Dataset entries:
=== Section Start ===

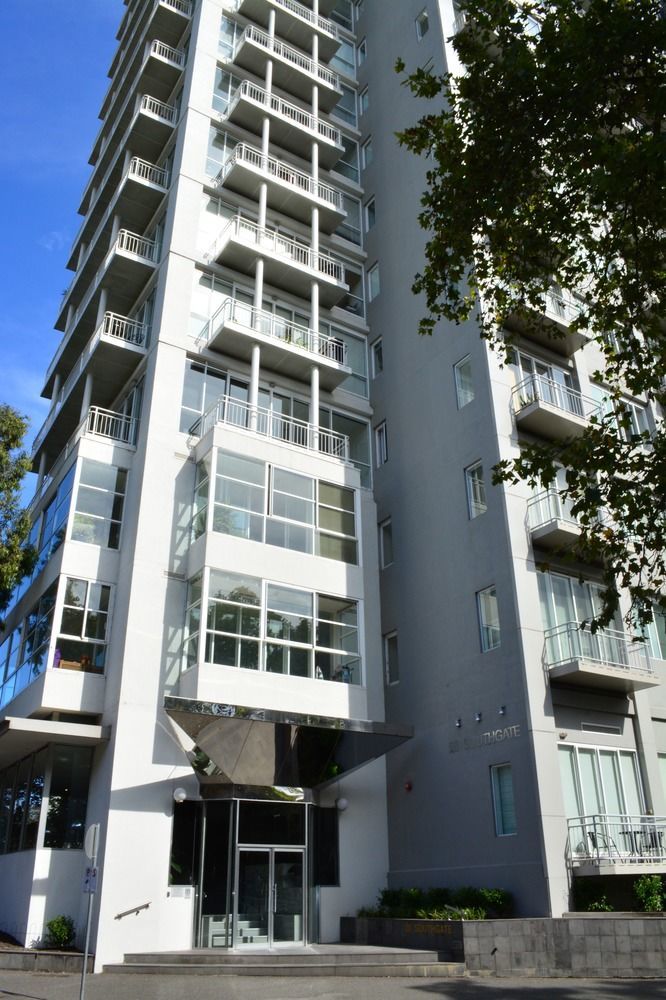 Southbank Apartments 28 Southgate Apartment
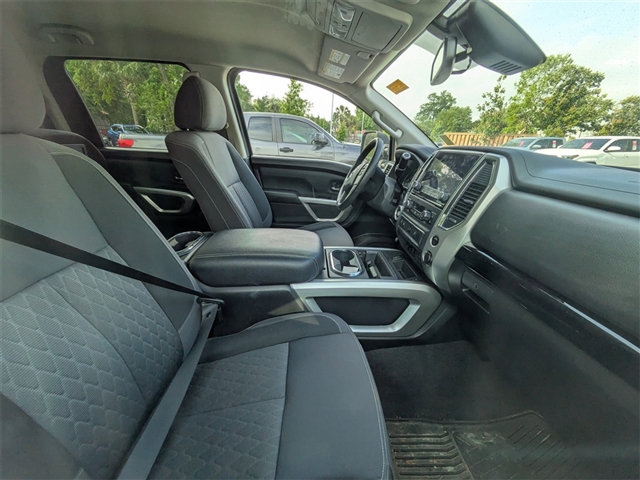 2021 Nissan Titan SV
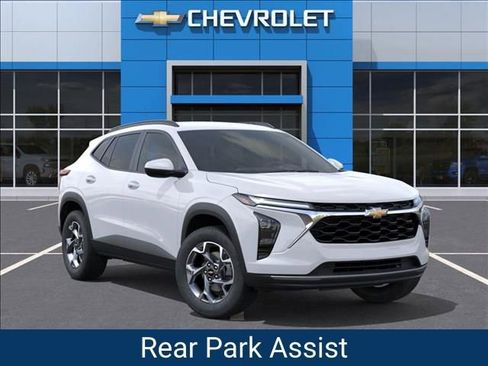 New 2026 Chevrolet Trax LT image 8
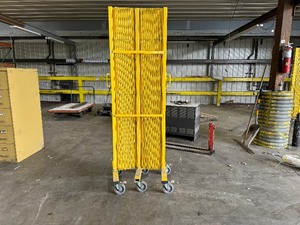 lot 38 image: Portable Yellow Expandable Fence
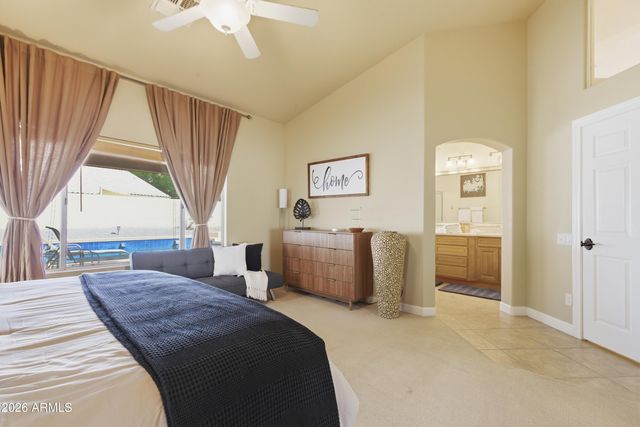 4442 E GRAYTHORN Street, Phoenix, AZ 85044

=== Section End ===

### EXERCISE:
For each record above, write out every line exactly and skip the pictures.

### SOLUTION TO THIS PROBLEM:
 Southbank Apartments 28 Southgate Apartment
 2021 Nissan Titan SV
 New 2026 Chevrolet Trax LT image 8
 lot 38 image: Portable Yellow Expandable Fence
 4442 E GRAYTHORN Street, Phoenix, AZ 85044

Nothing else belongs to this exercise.